Records from a dataset:
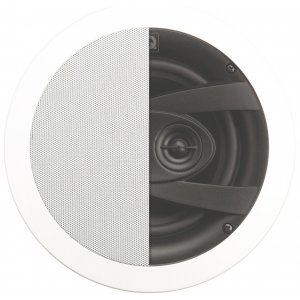 Q Acoustics Qi65CW-ST In-Ceiling Speaker
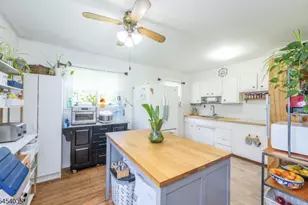 173 E Central Ave, Wharton, NJ 07885 - Photo 7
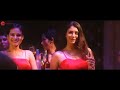 Tere Naina From Dill Bill Most Romantic Song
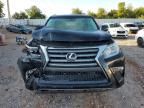 2014 Lexus GX 460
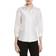 Carolina Herrera three-quarter sleeve shirt women Silk White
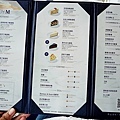 Lady M LaLaport台中店 貴婦下午茶 焙茶千層 台中甜點DSC05048-2.jpg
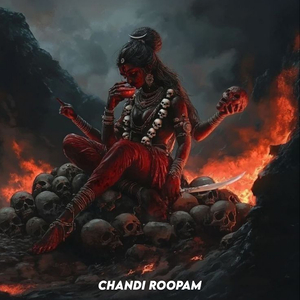 Chandi Roopam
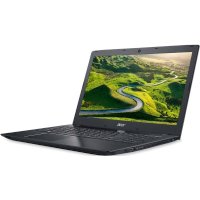 ноутбук Acer Aspire E5-575G-70EF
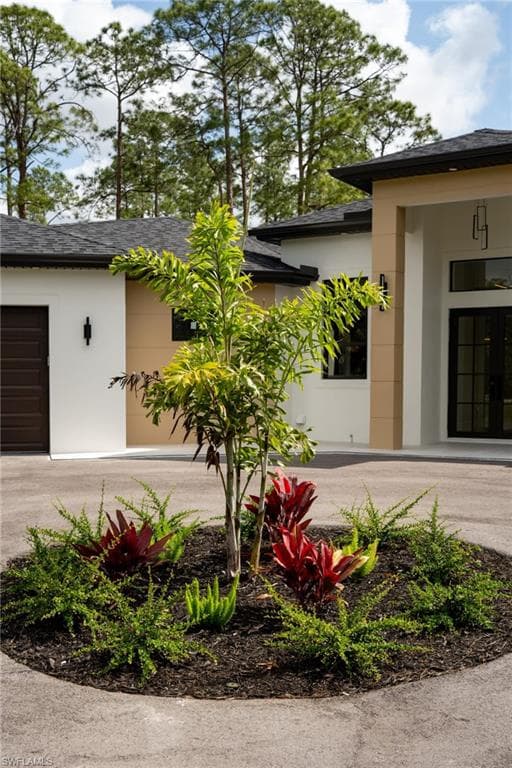 3133 12th Ave NE, Naples, FL 34120-12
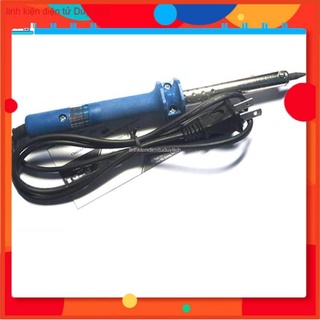 Mỏ hàn winster 60w loại tốt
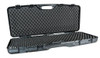 Megaline  Bullpup Hard Case Internal 98cm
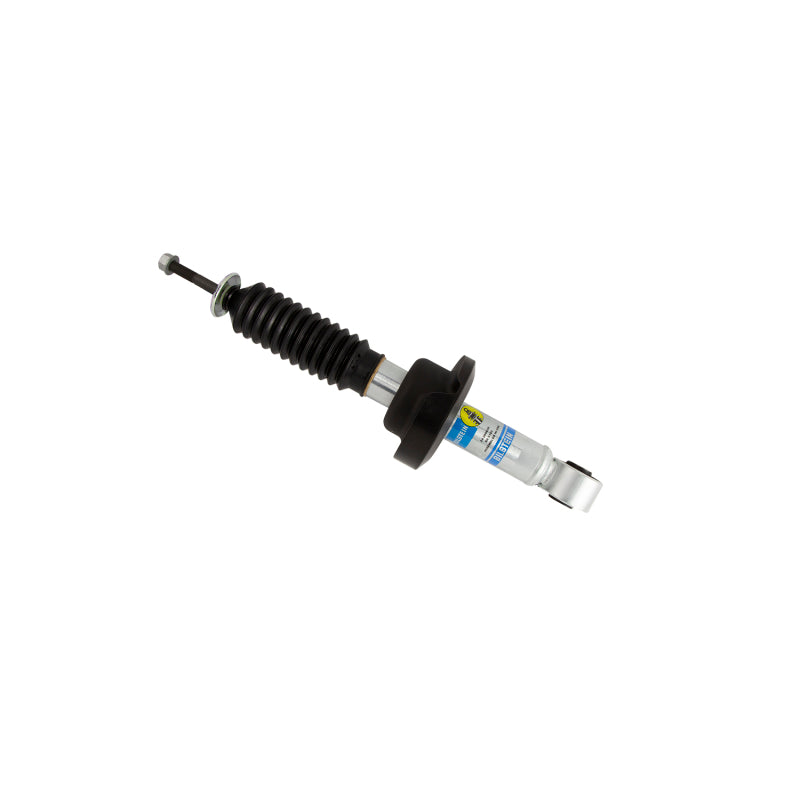 Bilstein 5100 Series 2016-2024 Nissan Titan XD 46mm (Ride Height Adjustable) Shock Absorber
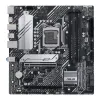 МАТЕРИНСКАЯ ПЛАТА ASUS PRIME B560M-A, LGA1200, INTEL B560, MICRO-ATX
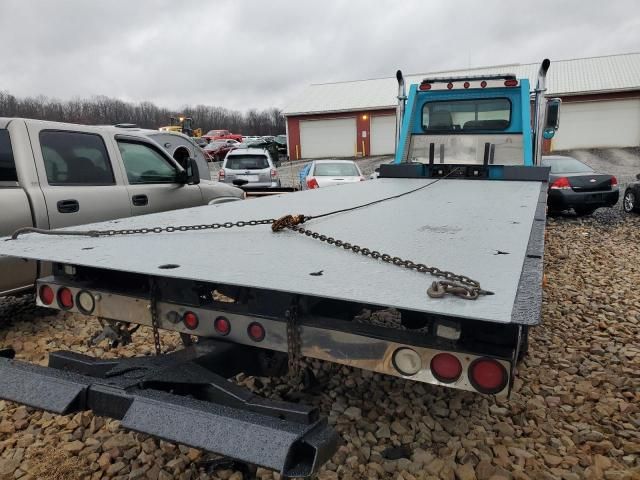 2007 Peterbilt 335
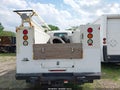 Photo 14 of 14 — 2014 Isuzu NPR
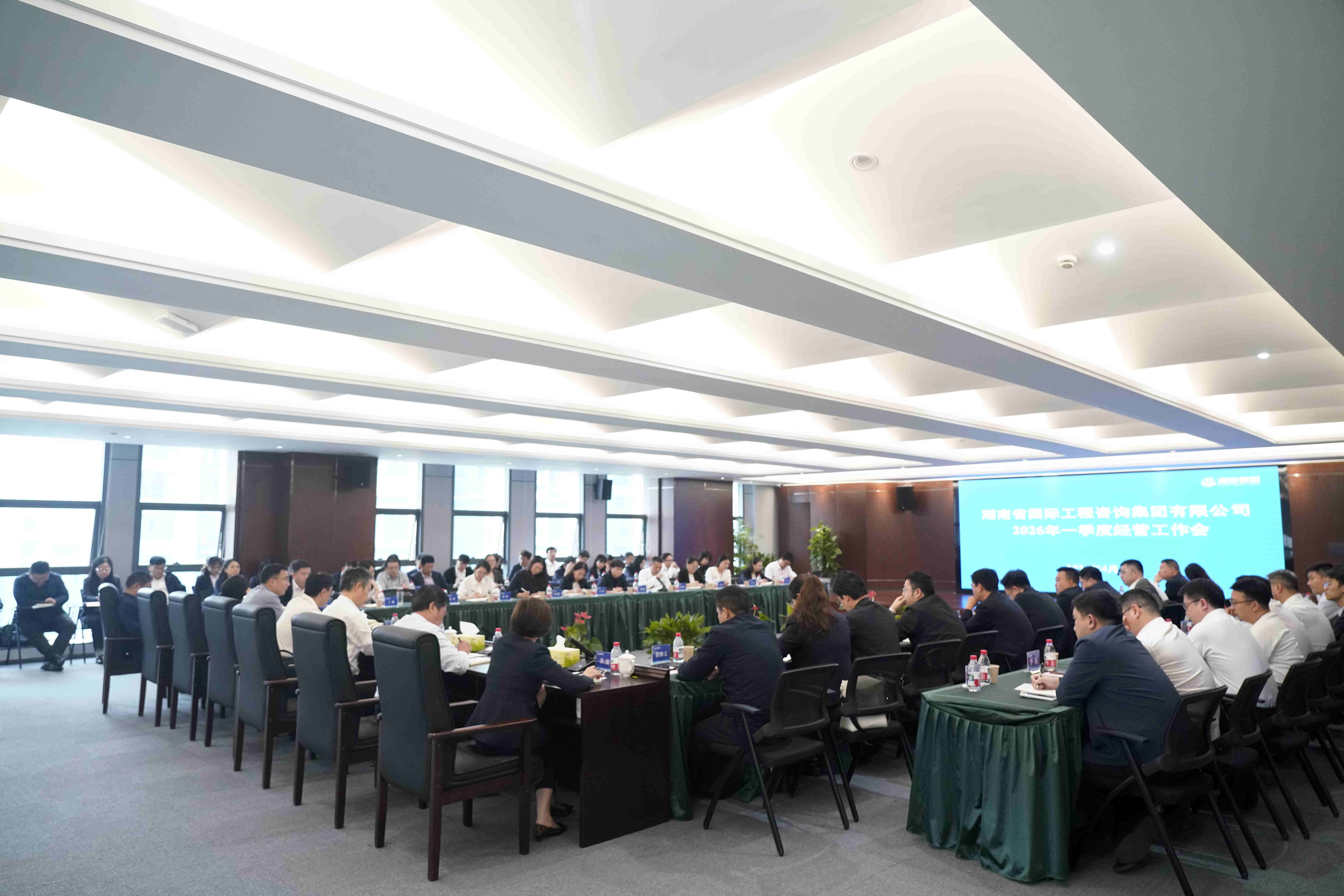 右后會(huì)場(chǎng)(1).jpg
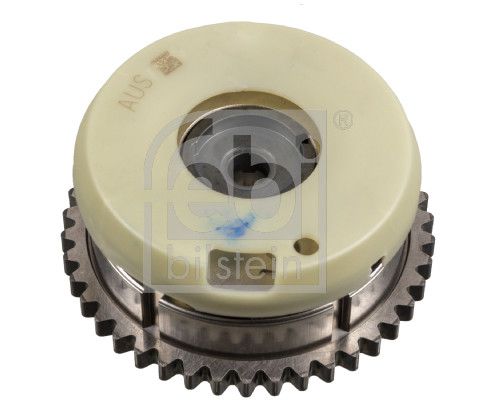 FEBI BILSTEIN 176938 Camshaft Adjuster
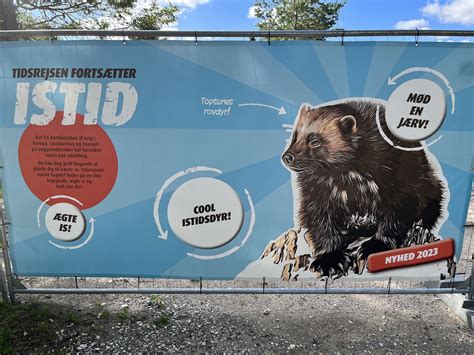 New Exhibit - 2023 - ZooChat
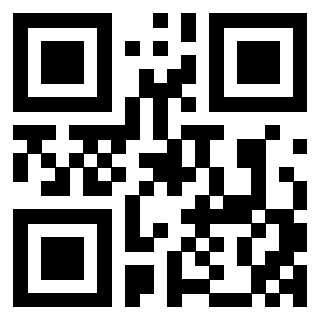 QrCode di 3404281992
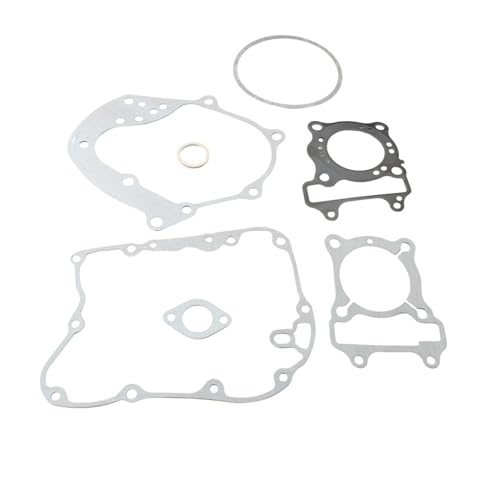 Joints moteur pour SH150 PES150 4T kit réfection complet scooter 150cc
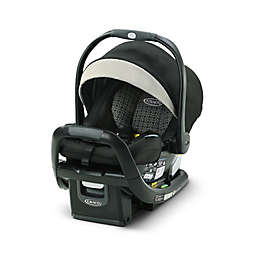 Graco® SnugRide® SnugFit™ 35 LX Infant Car Seat in Pierce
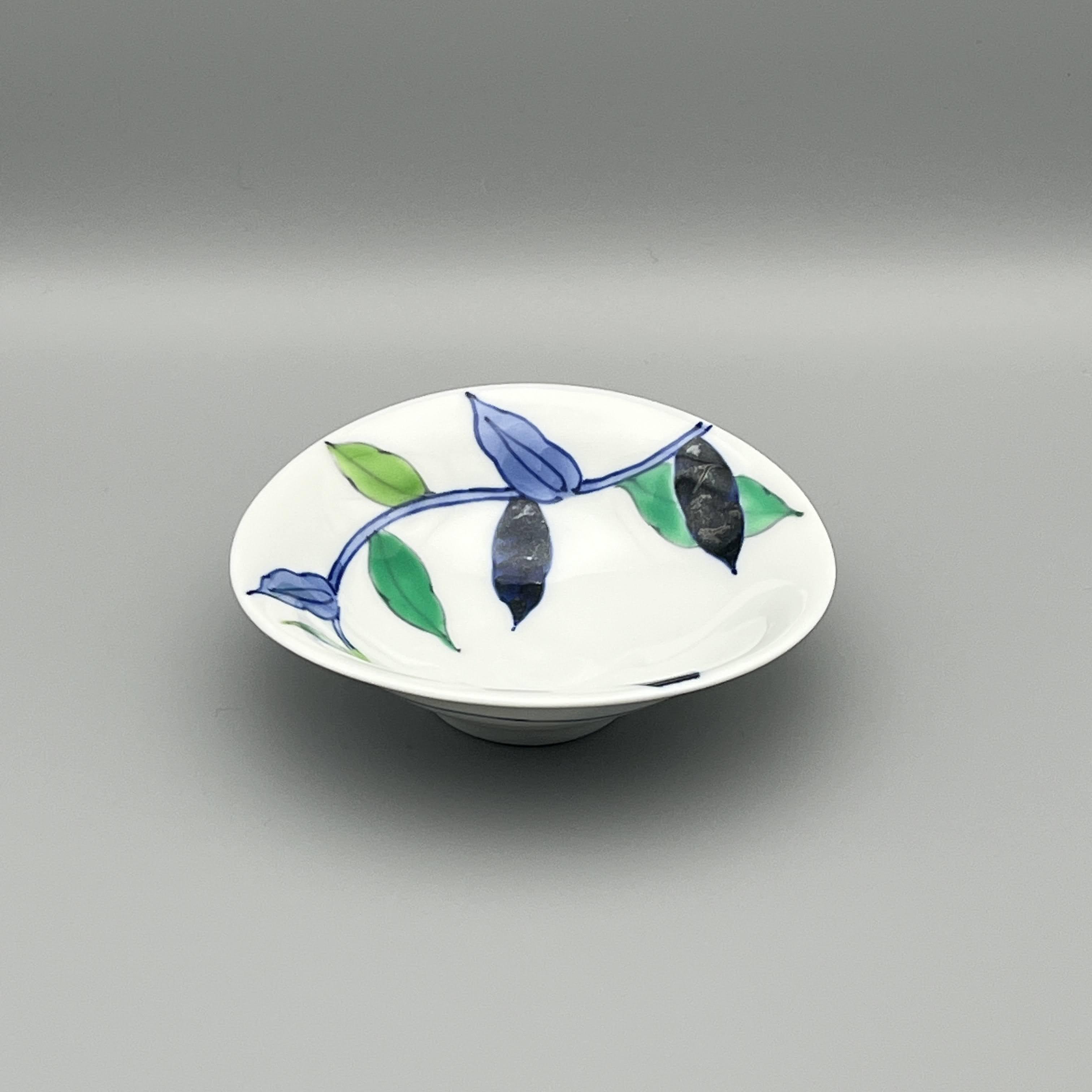 ★新品未使用 // 有田焼　流水千鳥　絵付師 平戸泰山 作 2025年最新】有田焼泰山の人気アイテム - メルカリ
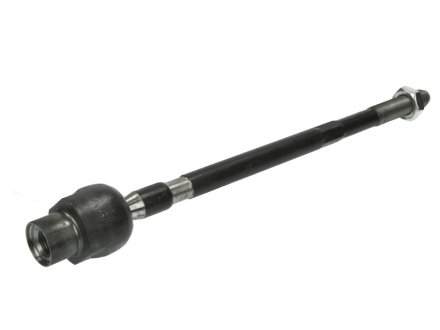 VV-AX-3285 MOOG Тяга руля. VOLVO 340, 360 (Выр-во Moog)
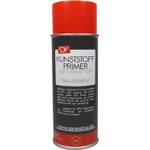 Sdv Chemie Kunststoffprimer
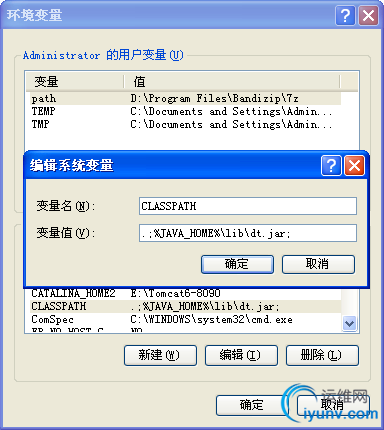 DSC0000.png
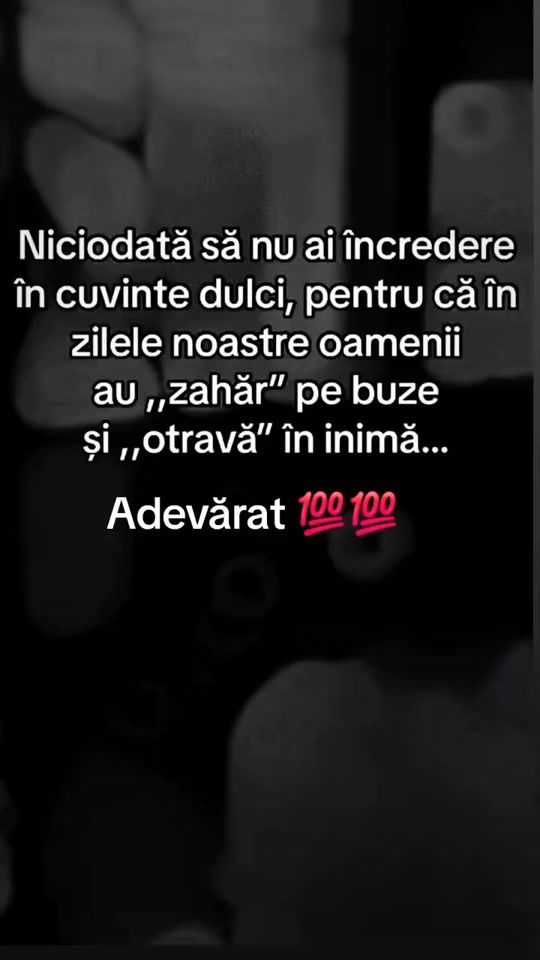 TikTok video thumbnail by florin.neagu22
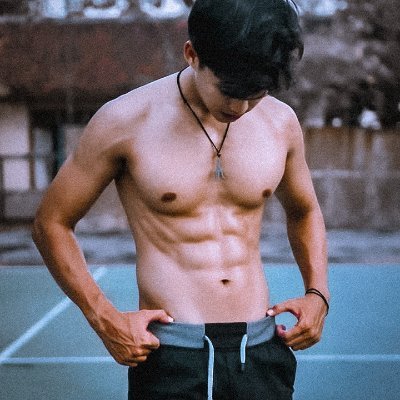 ErorHumanerror's profile picture. Just human being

■ WHAT IS NEEDED ■
The result is an exact copy of the lines from the one holding "Sdv Chemie Kunststoffprimer" through the final line of the data above, both ends included, minus the pictures.

■ ANSWER BOX ■
 Sdv Chemie Kunststoffprimer
 DSC0000.png
 TikTok video thumbnail by florin.neagu22
 ErorHumanerror's profile picture. Just human being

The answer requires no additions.